---- PROVIDED RECORDS

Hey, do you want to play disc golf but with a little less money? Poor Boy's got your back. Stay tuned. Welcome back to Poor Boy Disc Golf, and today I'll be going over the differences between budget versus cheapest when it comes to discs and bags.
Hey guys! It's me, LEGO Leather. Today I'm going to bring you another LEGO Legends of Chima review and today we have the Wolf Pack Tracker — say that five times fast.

--------
---- PROVIDED RECORDS

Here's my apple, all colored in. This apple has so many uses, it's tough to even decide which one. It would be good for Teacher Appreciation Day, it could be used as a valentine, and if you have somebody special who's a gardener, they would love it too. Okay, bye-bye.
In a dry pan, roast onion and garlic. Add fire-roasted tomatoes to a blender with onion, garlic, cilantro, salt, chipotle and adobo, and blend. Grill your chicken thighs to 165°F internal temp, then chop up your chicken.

--------

> _TO DO_:
Starting with the line that holds "Hey, do you" and ending with the line that holds "Hey guys! It's", retype every line in the data above exactly, and nothing else.

> _FINAL ANSWER_:
Hey, do you want to play disc golf but with a little less money? Poor Boy's got your back. Stay tuned. Welcome back to Poor Boy Disc Golf, and today I'll be going over the differences between budget versus cheapest when it comes to discs and bags.
Hey guys! It's me, LEGO Leather. Today I'm going to bring you another LEGO Legends of Chima review and today we have the Wolf Pack Tracker — say that five times fast.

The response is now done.